Start of Data to use

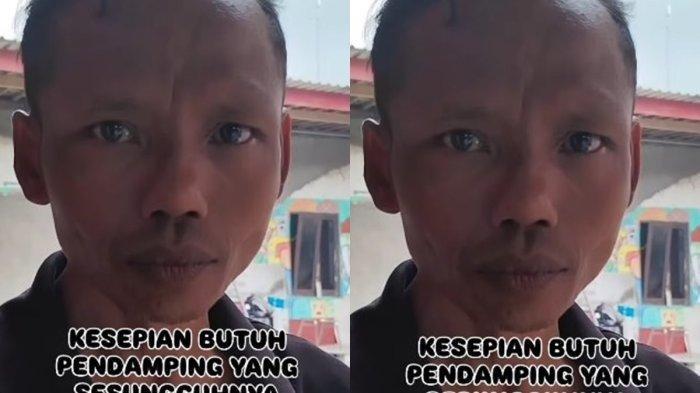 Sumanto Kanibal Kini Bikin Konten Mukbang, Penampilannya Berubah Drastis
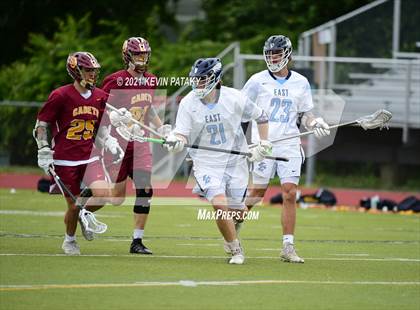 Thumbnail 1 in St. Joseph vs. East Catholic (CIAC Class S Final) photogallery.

End of Data to use
Start of Data to use

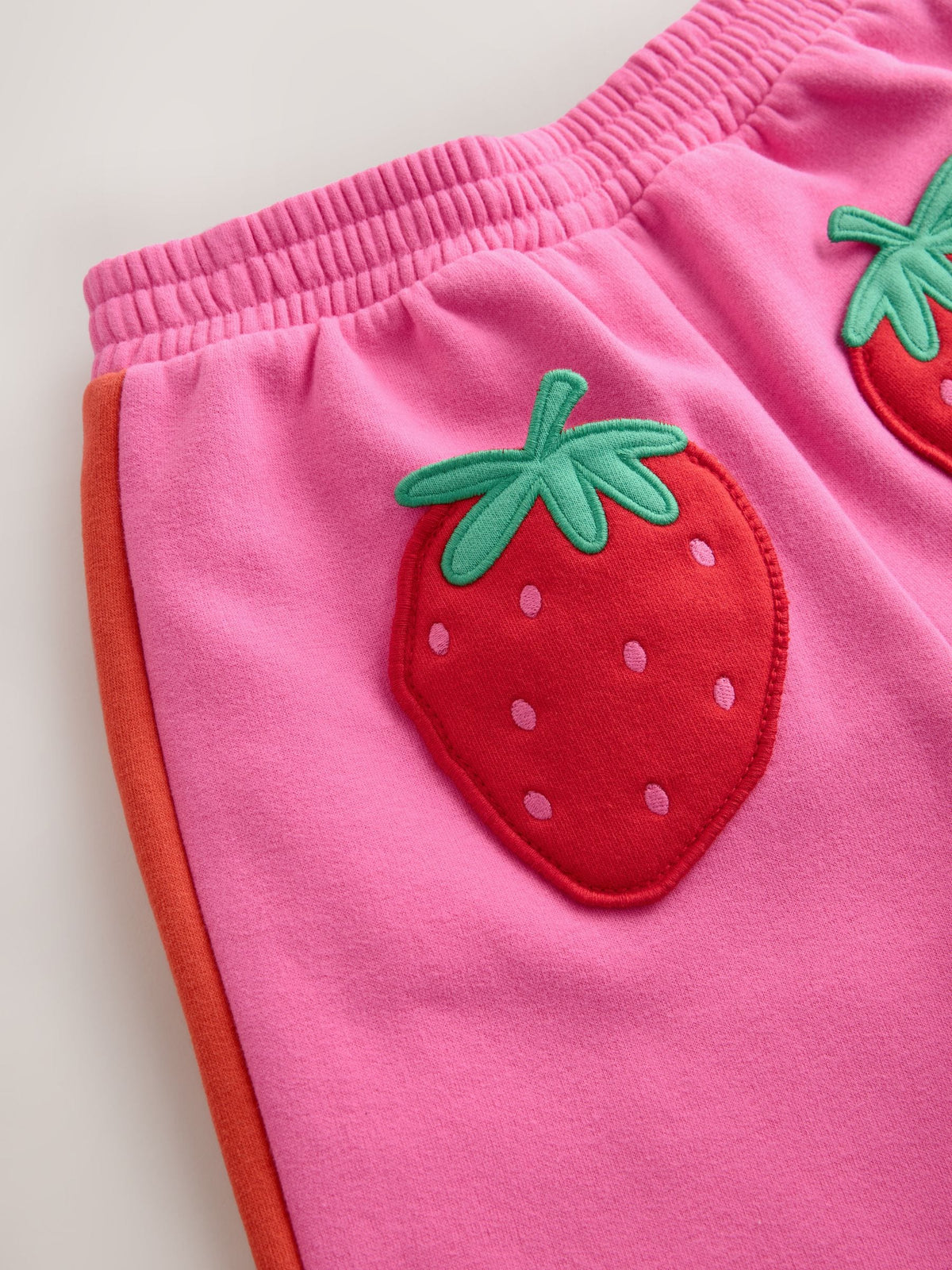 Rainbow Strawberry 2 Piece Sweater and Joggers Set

End of Data to use

• Task goal: Print the part of the listing above that opens with the line containing "Sumanto Kanibal Kini" and closes with the line containing "Thumbnail 1 in". Copy it exactly, both ends included, and omit the pictures.

• Written response:
 Sumanto Kanibal Kini Bikin Konten Mukbang, Penampilannya Berubah Drastis
 Thumbnail 1 in St. Joseph vs. East Catholic (CIAC Class S Final) photogallery.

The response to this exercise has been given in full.